Mute testimony
Mute testimony


Even though the Lord requires no building or special place in the universe that He created, the Jewish people are commanded in this past week's reading of the Torah to donate special materials and talented labor to begin the construction of such a building, where the spirit of the Lord, so to speak, will reign. There have been many ideas advanced over the ages as to why such a building was ever necessary for a God that prohibits idolatry and is purely a spiritual entity. But this is not the subject of my few words for this past Sabbath.

It is rather the fact that wherever the Jews have found themselves, in every far-flung corner of this world, they have always constructed houses of worship and of learning upon which to base their communal life and societal survival. Most of these buildings – those that remain and have not been destroyed by time, changing demographics or wanton evil perpetrated by humans – are no longer serviceable as synagogues, for the Jewish communities that once populated them. So, these buildings have become at best museums and in many, if not most cases, buildings now used for purposes other than Jewish worship services.

Nevertheless, these buildings even if abandoned or not used for their original purpose, stand as mute testimony to the loyalty of the Jewish people and their perseverance in the face of terrible odds and hostile societies. Many of these buildings are now visited by Jewish tourists and some of them are even official national landmarks protected by the governments of those countries. But they all stand as testimony to the one-time presence of a vibrant Jewish community that was determined to continue to worship God in its own way and according to its millennia old tradition. The building became the representative of Jewish continuity and survival.

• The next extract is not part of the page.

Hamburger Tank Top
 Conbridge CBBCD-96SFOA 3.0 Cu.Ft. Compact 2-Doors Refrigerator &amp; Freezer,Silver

One of the great tragedies of current Jewish life is that so many Jews have abandoned the synagogue and its worship service. Statistics in the United States for instance show that the highest proportion of any religious group in that country that does not attend worship services regularly are the Jews. What has resulted is the disintegration of the Jewish community in that country.

Synagogues may be merely buildings constructed of bricks, cement, steel or wood. Buildings alone certainly do not guarantee any sort of Jewish future. Wherever these synagogue buildings existed, the Jewish community was able to bring forth generations and remain vital and productive.

It is as though the Torah in this past week's reading senses this truth and commands that such  buildings be built, from Jewish funds, talent and effort. The blueprint for a synagogue building is a very ancient one and it also details what a synagogue should look like and for what purpose it is to be built and attended. The synagogues and their buildings that exist throughout the world are the signposts of Jewish existence and the eternal witness to the spirituality of its people.